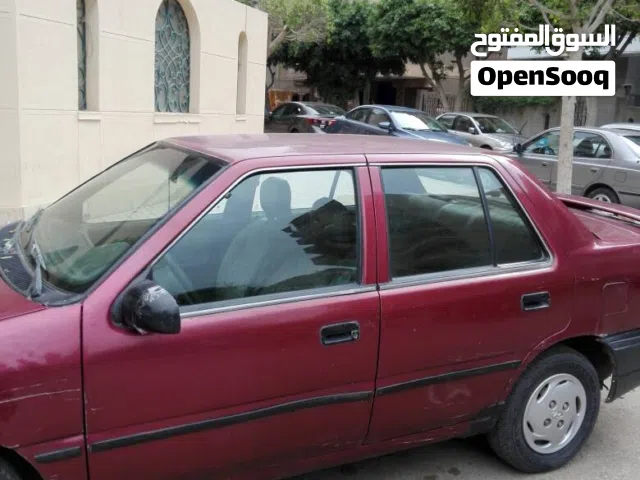 1997 هيونداي اكسيل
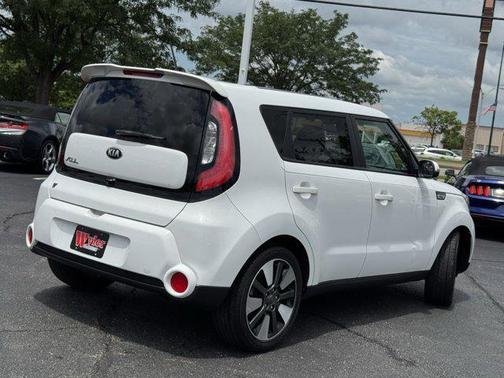 2015 Kia Soul !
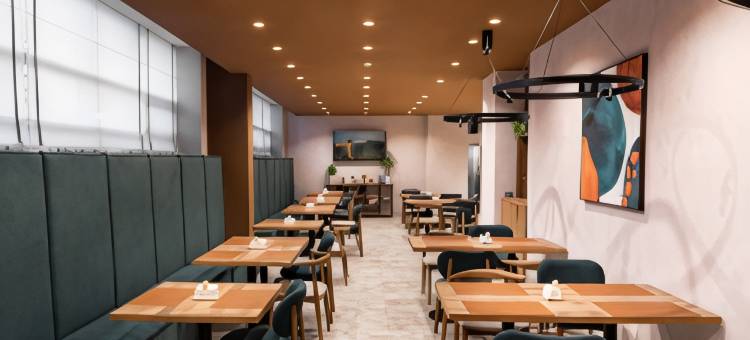 科罗缅斯克耶国际旅行酒店(Intourist Kolomenskoe Hotel)图片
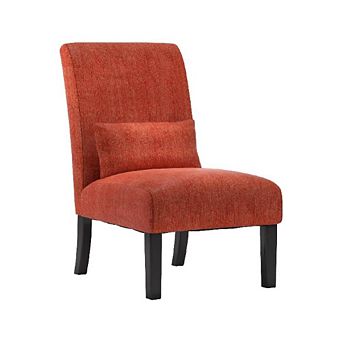 PISANO CONTEMPORARY ACCENT CHAIR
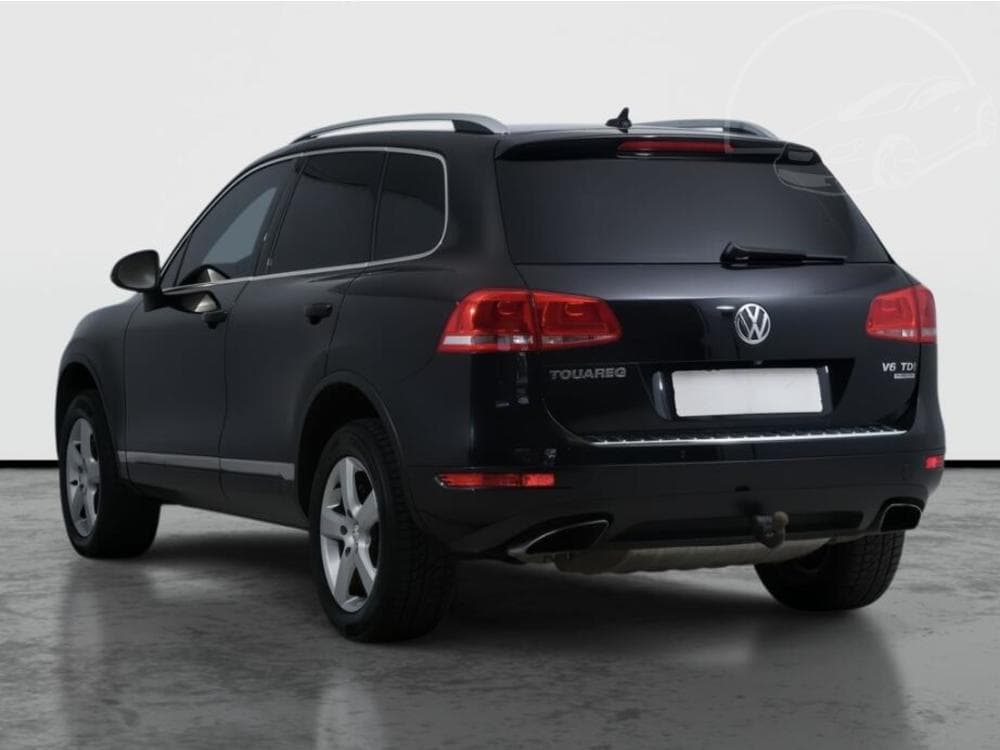 2010 Volkswagen TOUAREG - 7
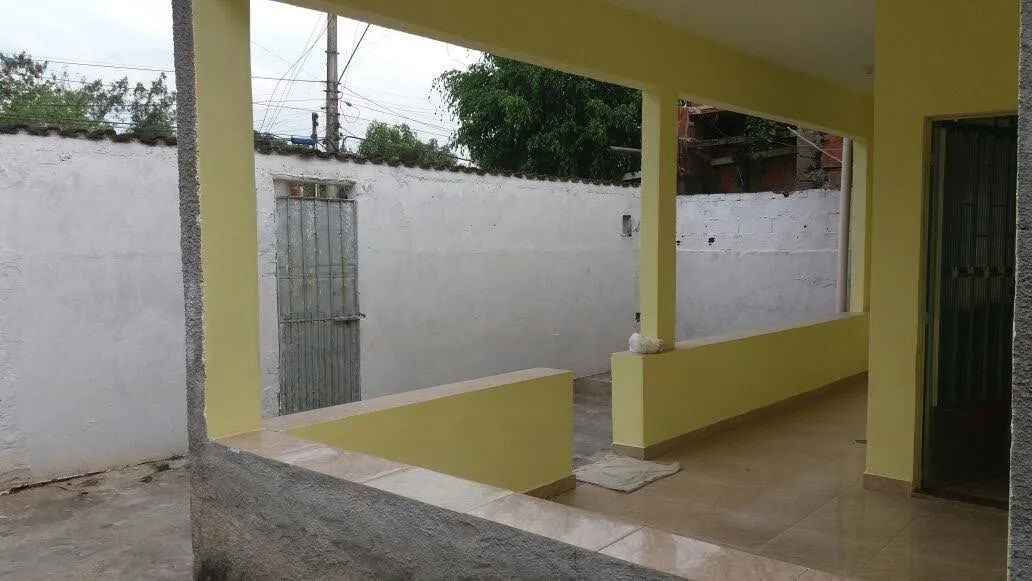 Casa Vila esperança 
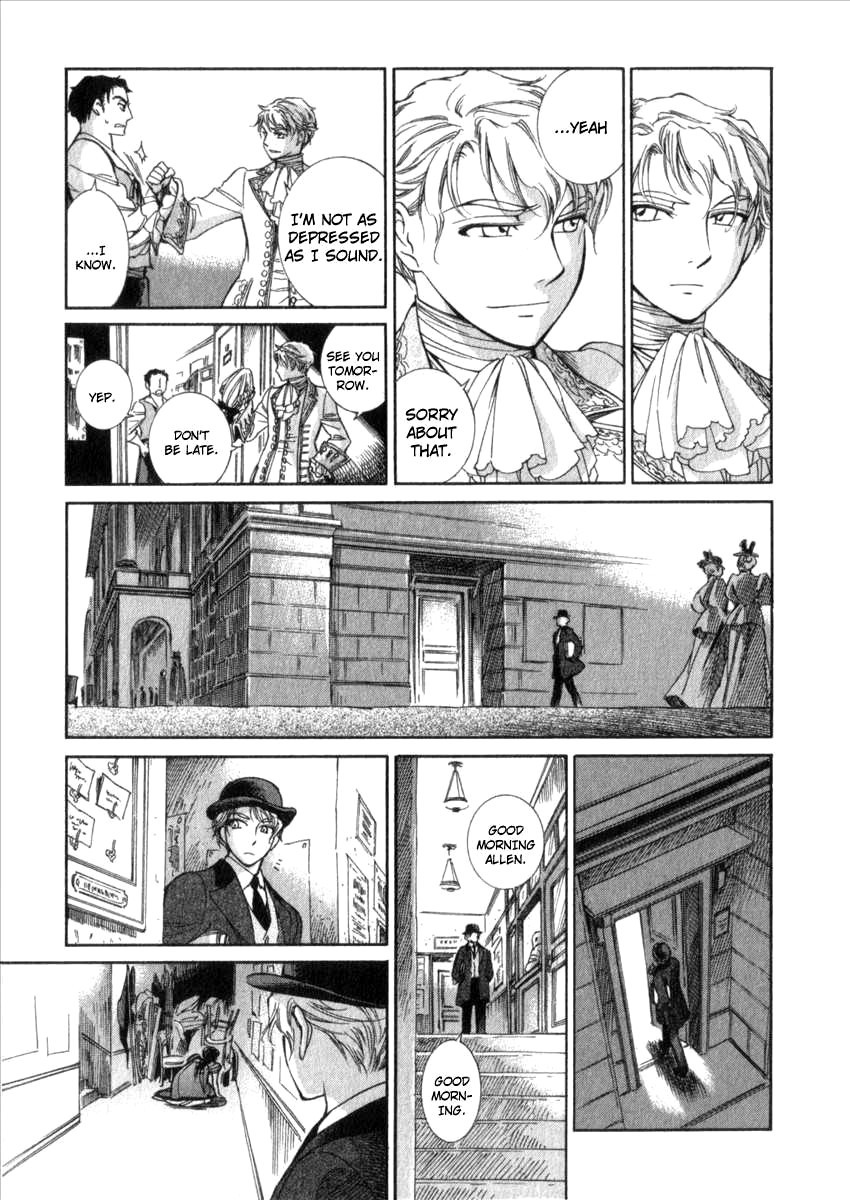 Emma Chapter 63 page 13 - Chapter 63: The Three Singers (Part One)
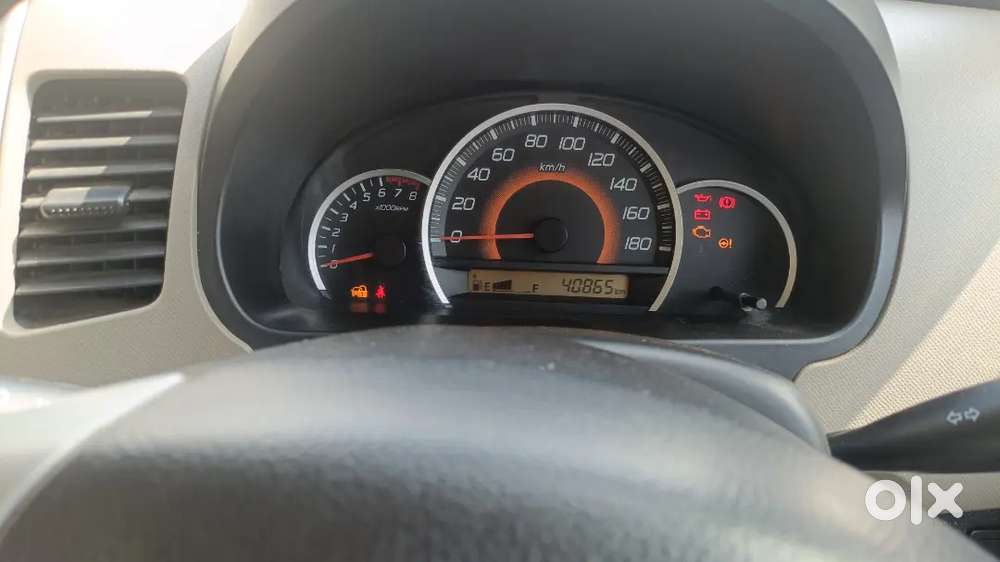 Maruti Suzuki Wagon R 2015 Zxi+ Petrol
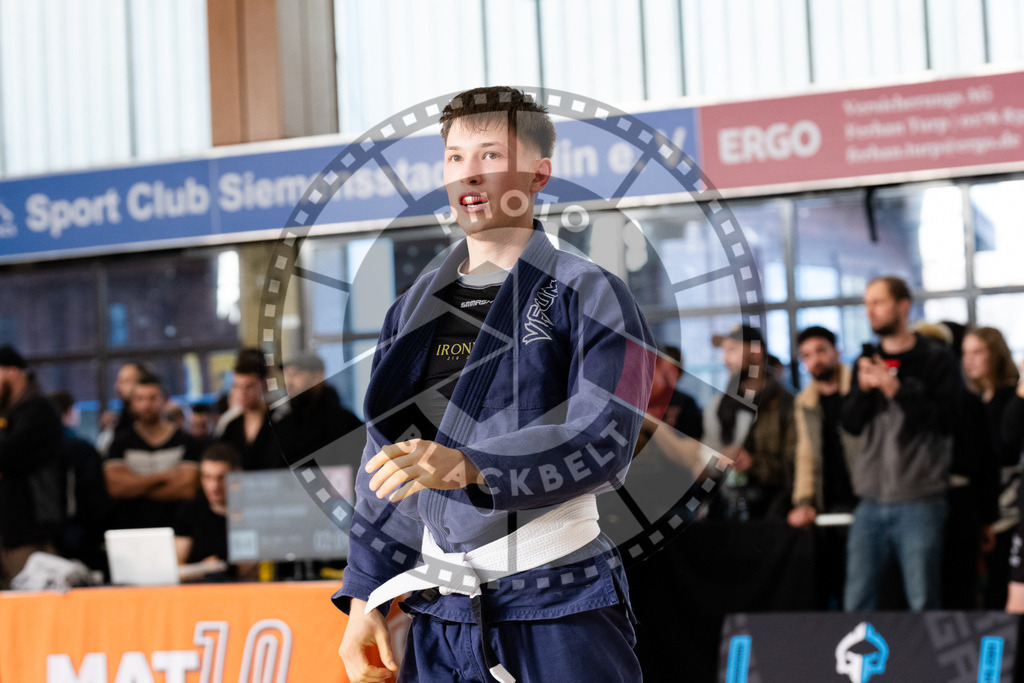 20251122PBB12598 | Athletes compete during the Grappling Industries Berlin Jiu-Jitsu and Grappling Championship, on November 22, 2025 in Berlin, Germany. © photoblackbelt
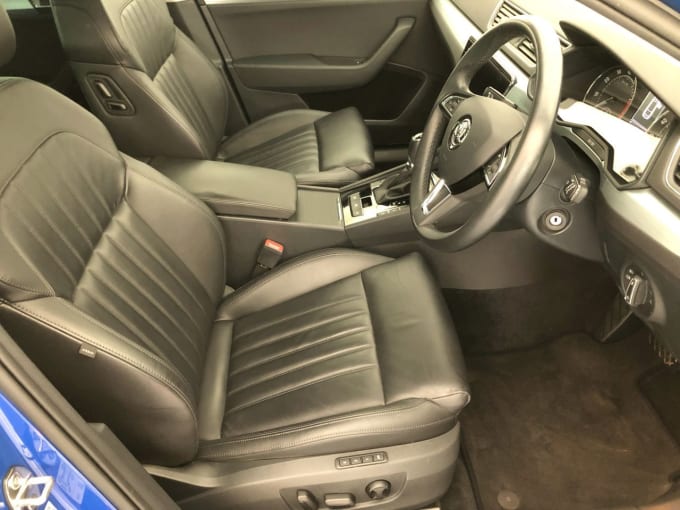 2018 Skoda Superb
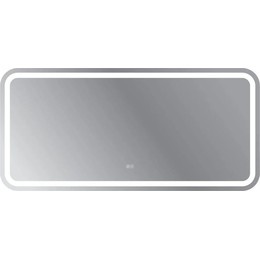 Зеркало Cezares Stylus Led 150 см CZR-SPC-STYLUS-1500-700-TCH-WARM - фото 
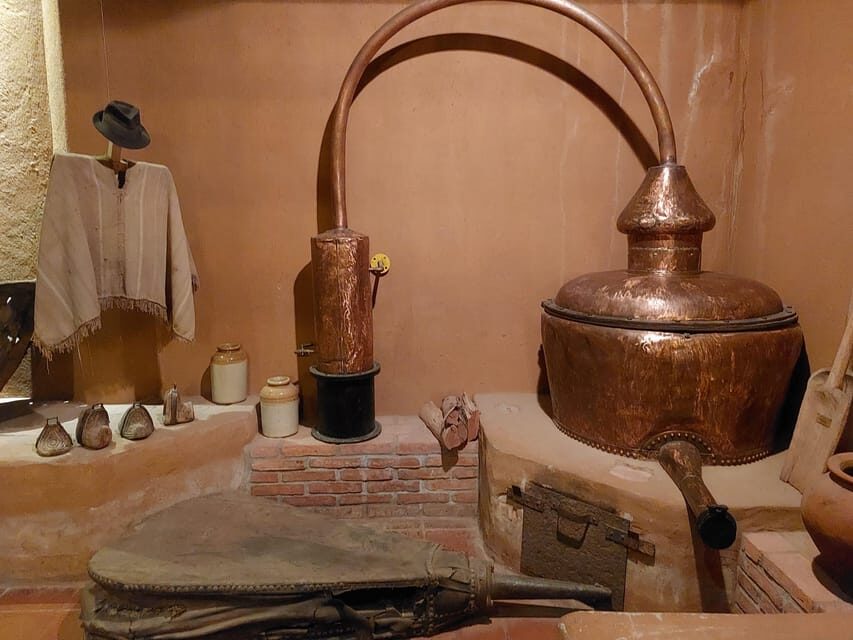 The Magnificient Elqui Valley Grand Tour - Diaguitas stop: culture and spirits in the same breath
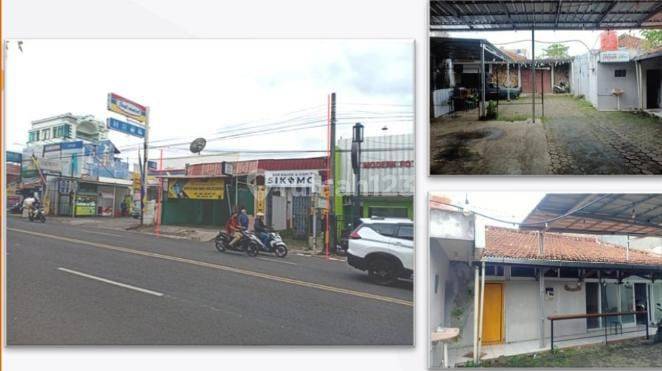 Rumah Lelang Murah Luas Mainroad A H Nasution Bandung 1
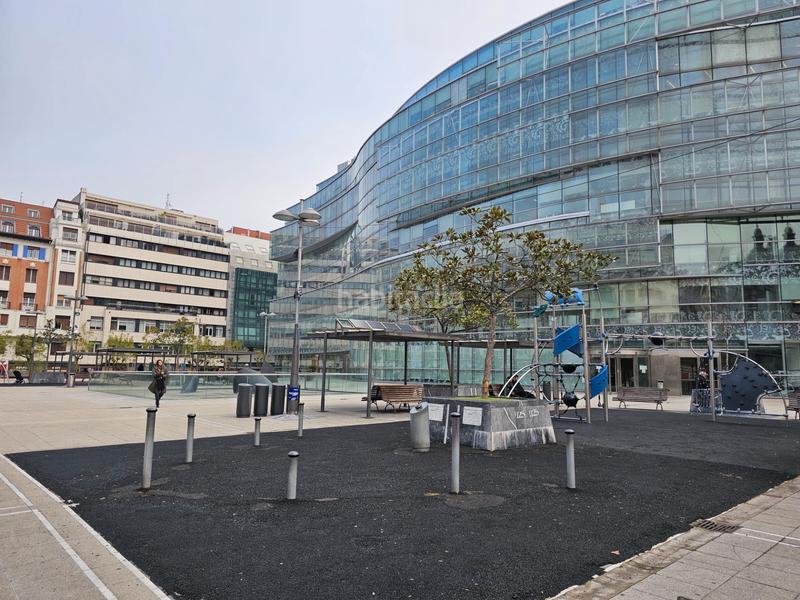 Foto ae966e33-28c9-4e79-a9b7-e4a11c273ead. Etagenwohnung mit heizung in Zona Indautxu Bilbao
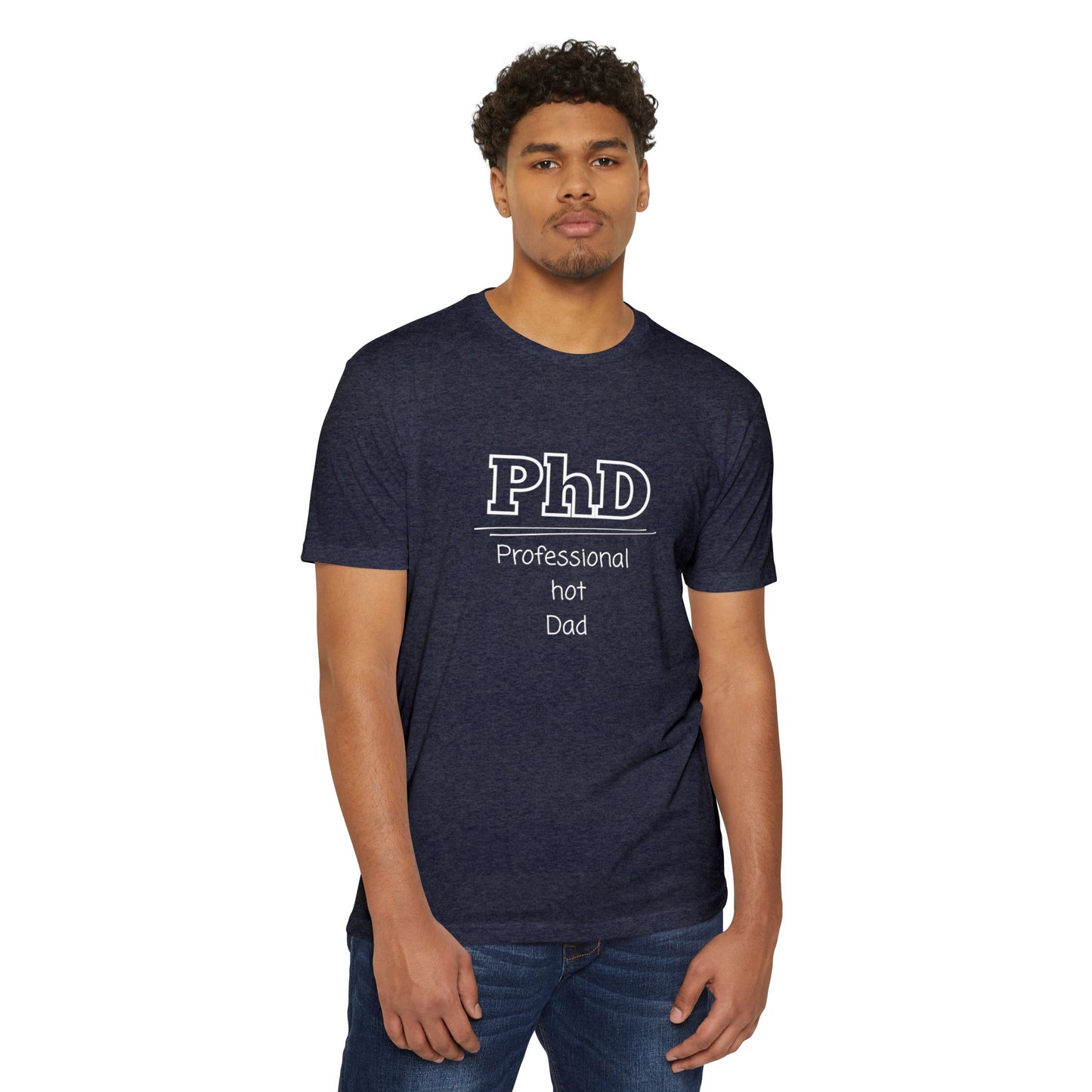 PhD Professional hot Dad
__________
▶ [TASK ITEM]: Beginning with the first entry above, reproduce every line verbatim until the line with "Rumah Lelang Murah", which is included too; omit pictures.

▶ [RESULT]:
 1997 هيونداي اكسيل
 2015 Kia Soul !
 科罗缅斯克耶国际旅行酒店(Intourist Kolomenskoe Hotel)图片
 PISANO CONTEMPORARY ACCENT CHAIR
 2010 Volkswagen TOUAREG - 7
 Casa Vila esperança 
 Emma Chapter 63 page 13 - Chapter 63: The Three Singers (Part One)
 Maruti Suzuki Wagon R 2015 Zxi+ Petrol
 20251122PBB12598 | Athletes compete during the Grappling Industries Berlin Jiu-Jitsu and Grappling Championship, on November 22, 2025 in Berlin, Germany. © photoblackbelt
 2018 Skoda Superb
 Зеркало Cezares Stylus Led 150 см CZR-SPC-STYLUS-1500-700-TCH-WARM - фото 
 The Magnificient Elqui Valley Grand Tour - Diaguitas stop: culture and spirits in the same breath
 Rumah Lelang Murah Luas Mainroad A H Nasution Bandung 1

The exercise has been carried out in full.